Ne cachez pas vos moisissures!

Si vous vendez en connaissance de cause une maison contaminée de moisissures cachées sans en informer l’acheteur, vous risquez non seulement de reprendre votre propriété et de rembourser les frais engagés par l’acheteur pour ses travaux de réparations, mais aussi de lui verser des dommages punitifs si sa santé a été menacée.

C’est ce que vient de confirmer la Cour d’appel du Québec, le 7 mars. «À ma connaissance, c’est un des premiers jugements au Québec où on octroie des dommages punitifs dans le cadre de contamination de l’air et fongique dans un immeuble, pour l’atteinte à la santé et la sécurité des gens appelés à y résider», se réjouit Me Alain Caron, l’avocat de la plaignante.

Sylvie Savaria avait visité une maison unifamiliale inoccupée mise en vente à Clarenceville à l’été 2008 par Linda Davignon et son fils, Gregory Gibson.
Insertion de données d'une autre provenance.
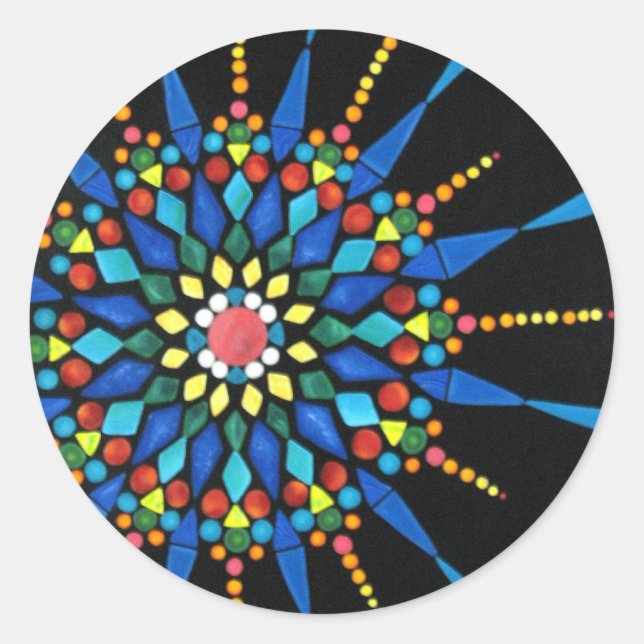 Bright Gemstone Mosaico sobre adesivos Pretos (Frente)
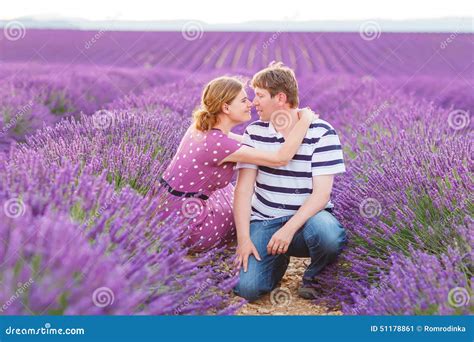 Romantic Couple In Love In Lavender Fields In Provence France Stock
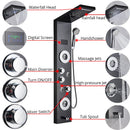 GobekUsa LED Shower Panel Column Bathtub Mixer Tap with Temperature Screen Massage.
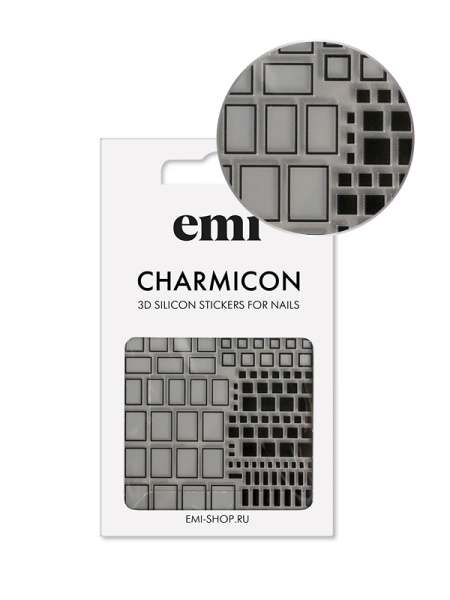 E.Mi, 3D-стикеры №160 Квадраты черные Charmicon 3D Silicone Stickers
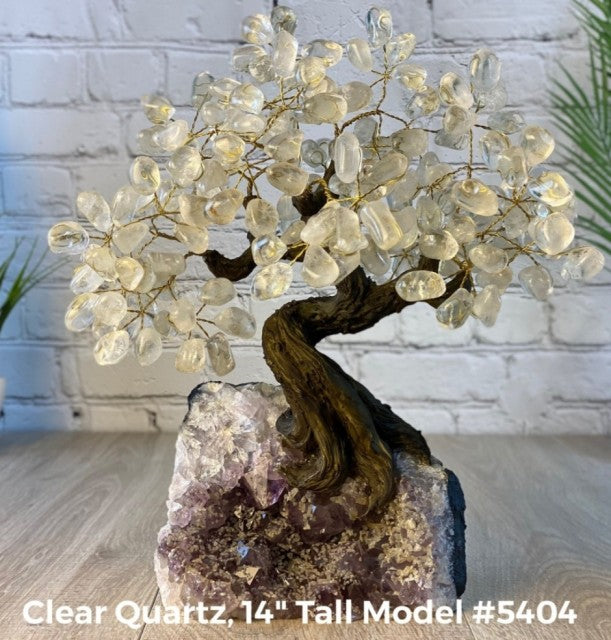 Vakre og eksklusive Feng Shui - Bonsai Lykketrær m/ ekte krystaller og Ametyst Clusterfot, 35cm høy, Clear Quartz, 6kg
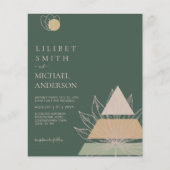 BUDGET Abstract Emerald Green Pampas Grass Wedding Flyer (Voorkant)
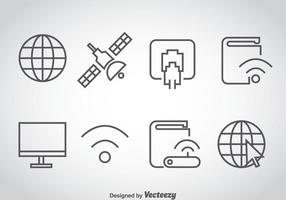 Iconos de contorno de Internet Vector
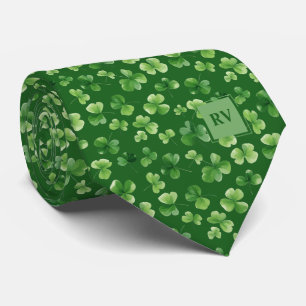 Corbata Patrón de Shamrock verde esmeralda monogramado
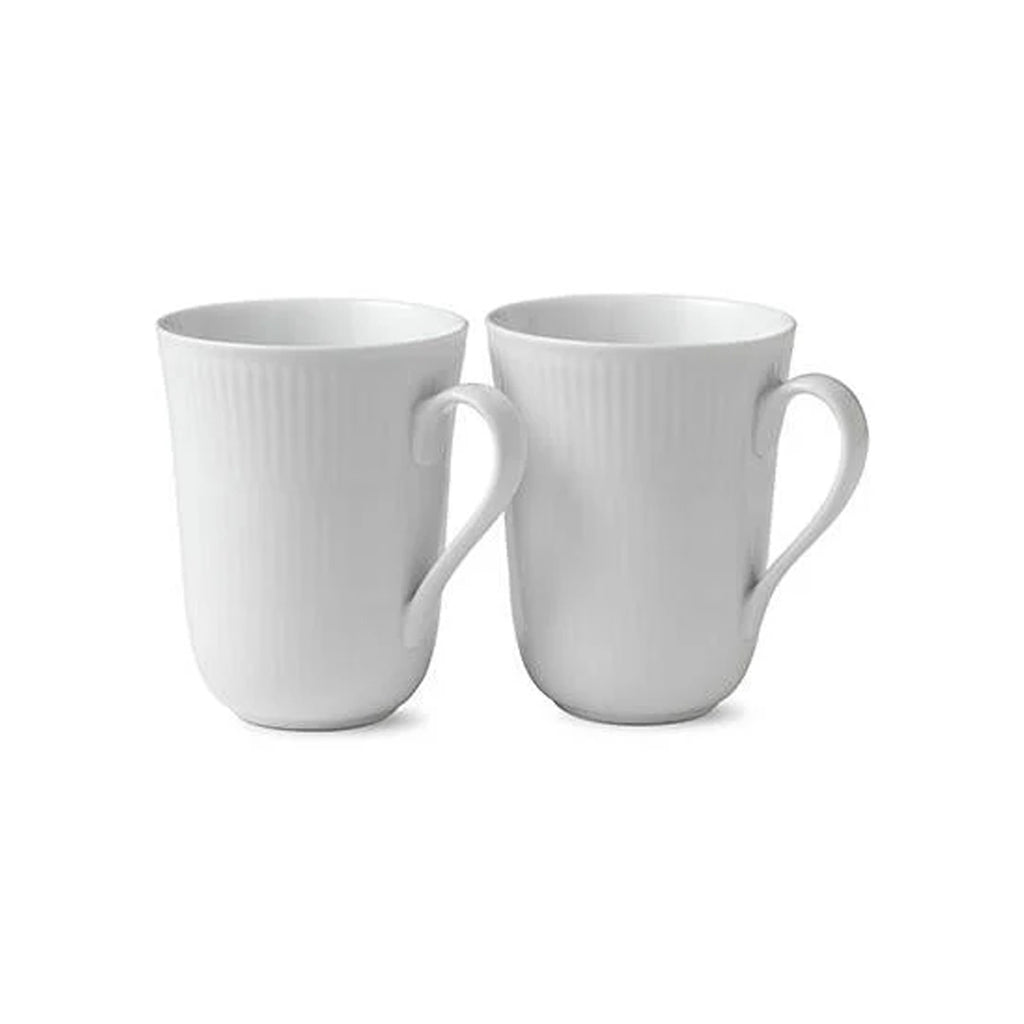 White Fluted Mug 11 oz, Set of 2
Rassurée par la note de 7 sur 10 accordée par son inspecteur en bâtiment, Mme Savaria signe l’acte de vente le 10 octobre 2008, lequel stipule que la «vente est faite sans garantie et aux risques et périls de l’acheteur». Elle entreprend immédiatement des travaux de rénovation qui s’élèvent à 48 500$.

Elle emménage dans la maison le 1er décembre 2008. Peu de temps après, une ancienne locataire de l’immeuble lui apprend qu’elle a dû quitter son appartement en 2007 parce que la contamination fongique lui avait causé des problèmes de santé.

Elle avait remis aux propriétaires une lettre d’un médecin spécialiste en médecine communautaire, qui confirmait le lien entre les moisissures et la dégradation de son état de santé. Le Dr Louis Jacques y mentionnait notamment que le logement ne pouvait être reloué dans son état actuel sans réparations majeures et qu’ «il devra être démontré que la contamination fongique a été enrayée afin d’éviter que l’état de santé d’autres personnes ne soit gravement affecté».

Alertée par cette mise en garde et par la détérioration de sa santé, Mme Savaria tente de régler la situation à l’amiable avec l’aide d’une médiatrice. Après une mise en demeure restée lettre morte, elle se résout à une requête en justice.

Dans un jugement rendu le 13 décembre 2010, la juge Marie-France Courville, de la Cour supérieure du Québec, lui a donné raison.

Mme Davignon et M. Gibson ont formulé de fausses représentations et ont fait preuve de mauvaise foi en ne communiquant pas le contenu de la lettre du Dr Jacques. «L’omission de transmettre cette information essentielle et déterminante démontre, de la part de la défenderesse Davignon, un mépris total des intérêts de la demanderesse et une insouciance face aux conséquences qui en résultent», a indiqué la juge Courville dans son jugement de 10 pages. «Étant donné la faute lourde commise par les défendeurs, la clause d’exclusion de responsabilité contenue à l’acte de vente signé le 10 octobre 2008 est inopérante.»

Outre la résiliation de la vente, la juge Courville a accordé à Sylvie Savaria le remboursement des 48 500$ investis en travaux et, surtout, le paiement de dommages et intérêts punitifs de 20 000$.

Porté en appel par Mme Davignon, ce jugement vient donc d’être confirmé par les juges André Rochon, François Doyon et Nicole Duval Hesler.

Un tournant

«Les dommages exemplaires sont très difficiles à obtenir», se réjouit Me Daniel Caisse, au cabinet auquel Mme Savaria avait confié sa cause, en association avec Me Caron. «Ce sera un tournant en matière de vices cachés.»

Marie Annik Grégoire, professeure à la faculté de droit de l’Université de Montréal, est plus circonspecte. «C’est vrai qu’il y a une porte qui s’ouvre sur les dommages punitifs. Cependant, on ne les a pas accordés sur le droit de la propriété, mais sur l’atteinte à la santé», explique-t-elle.

Ce contenu a été mis à jour le 23 août 2014 à 12 h 37 min.